■ **WHAT IS EXPECTED**
The data below should be copied out exactly, with its pictures omitted.

══ INFORMATION SHOWN

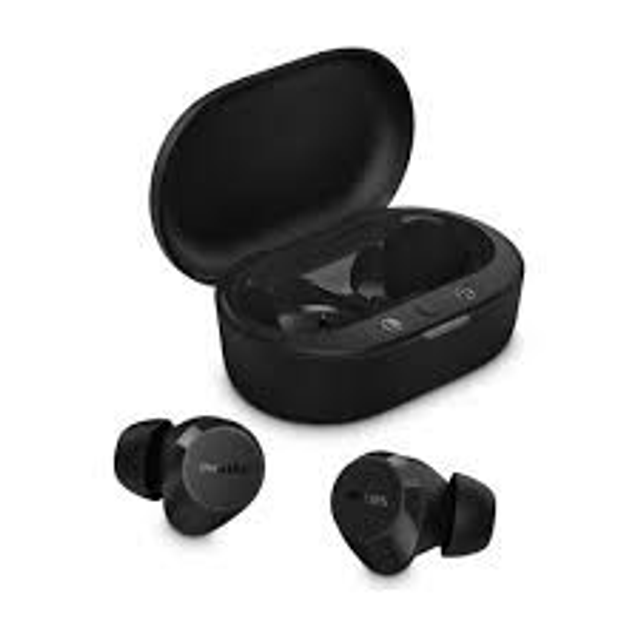 Fone de Ouvido C3Tech Actionbuds, TWS, Bluetooth 5.0, Preto - EP-TWS-200BK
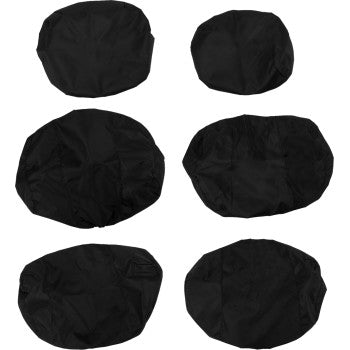 MOOSE UTILITY Seat Cover - Black - Defender LTD DEFLTDBS-11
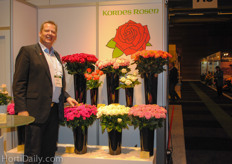 Göran Basjes from Kordes Rosen.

════

■ **WRITTEN RESPONSE**
 Fone de Ouvido C3Tech Actionbuds, TWS, Bluetooth 5.0, Preto - EP-TWS-200BK
 MOOSE UTILITY Seat Cover - Black - Defender LTD DEFLTDBS-11
 Göran Basjes from Kordes Rosen.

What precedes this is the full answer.